Section: Research Program

Axis 2: Algorithms

The main goal of the GenScale team is to develop optimized tools dedicated to genomic data processing. Optimization can be seen both in terms of space (low memory footprint) and in terms of time (fast execution time). The first point is mainly related to advanced data structures as presented in the previous section (axis 1). The second point relies on new algorithms and, when possible implementation on parallel structures (axis 3).

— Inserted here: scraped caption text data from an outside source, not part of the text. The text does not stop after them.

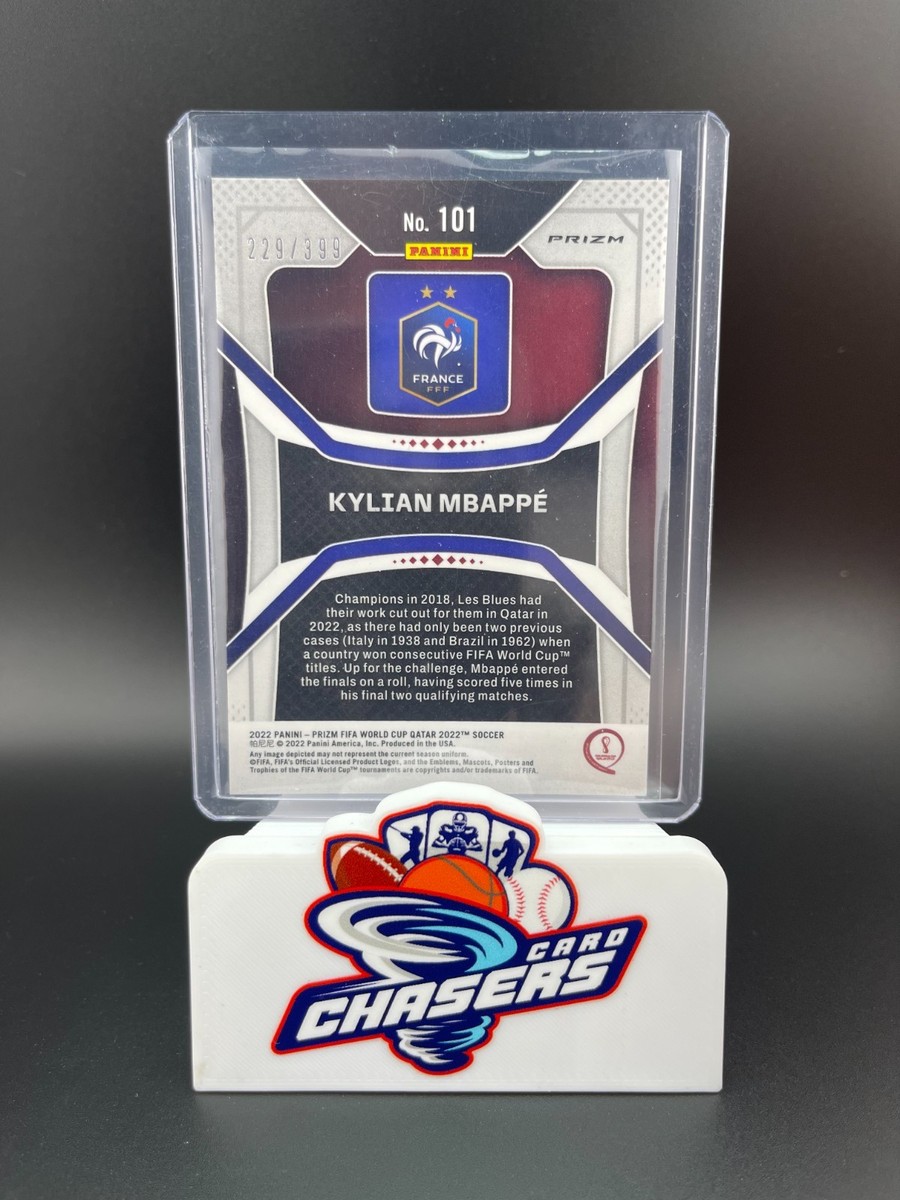 2022 Panini Prizm World Cup Kylian Mbappe Red /399 #11 France | eBay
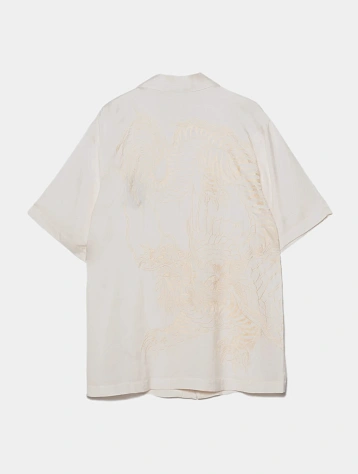 Рубашка MAHARISHI 6098 Tiger Dragon Camp Collar Ecru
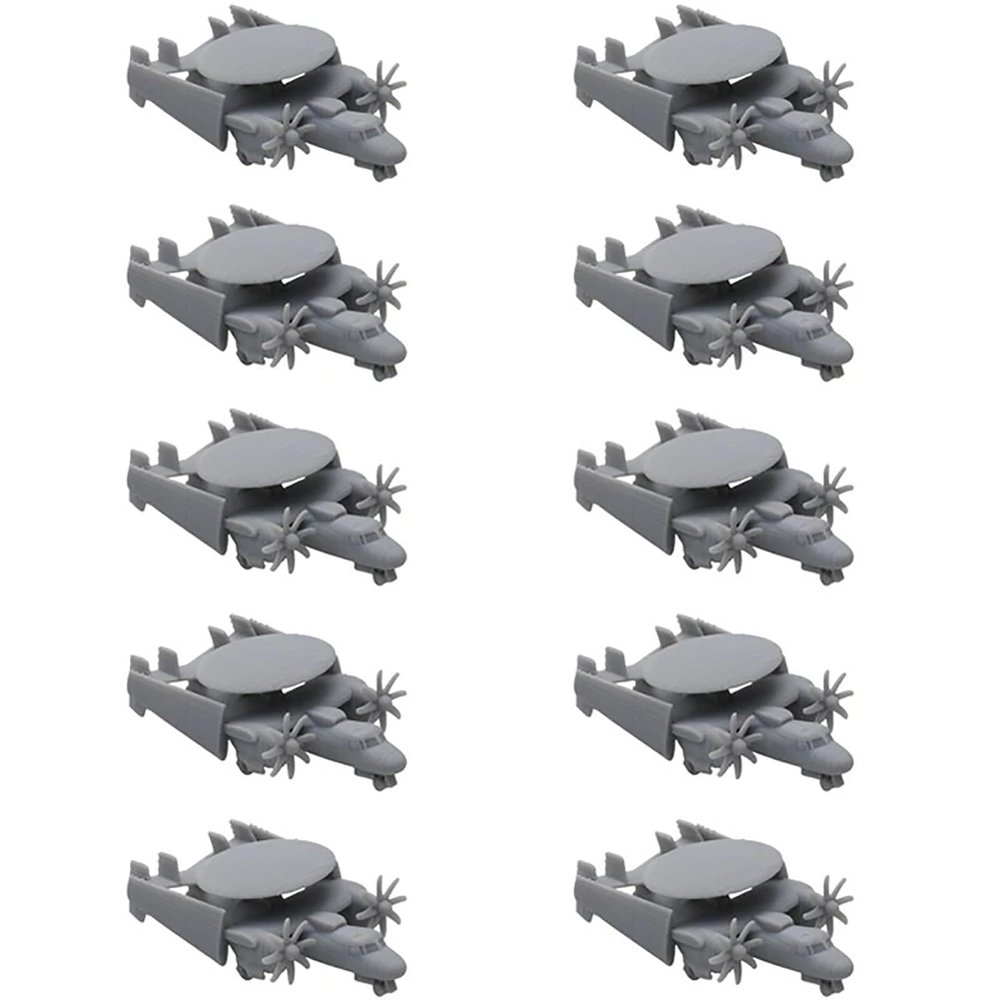 10PCS DIY Model E-2C Hawkeye Ship-Based Aircraft Resin Military Model AEW Early Warning Aircraft Simulation Plane Ornaments(1/350 (50mm))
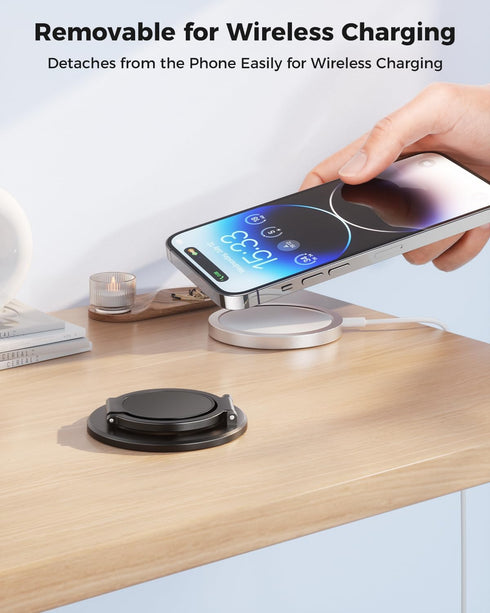 SUPERONE Magnetic Ring Holder for MagSafe Dual-Side Magnetic, Removable Gym Phone Grip with Kickstand for iPhone 15/14/13/12/ Series MagSafe Case ...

We do not have the ambition to cover the vast panel of software related to genomic data processing needs. We particularly focused on the following areas:

  • NGS data Compression De-Bruijn graphs are de facto a compressed representation of the NGS information from which very efficient and specific compressors can be designed. Furthermore, compressing the data using smart structures may speed up some downstream graph-based analyses since a graph structure is already built [1].

  • Genome assembly This task remains very complicated, especially for large and complex genomes, such as plant genomes with polyploid and highly repeated structures. We worked both on the generation of contigs [3] and on the scaffolding step [5]. Both NGS and TGS technologies are taken into consideration, either independently or using combined approaches.

  • Detection of variants This is often the main information one wants to extract from the sequencing data. Variants range from SNPs or short indels to structural variants that are large insertions/deletions and long inversions over the chromosomes. We developed original methods to find variants without any reference genome [10], to detect structural variants using local NGS assembly approaches [9] or TGS processing.

  • Metagenomics We focused our research on comparative metagenomics by providing methods able to compare hundreds of metagenomic samples together. This is achieved by combining very low memory data structures and efficient implementation and parallelization on large clusters [2].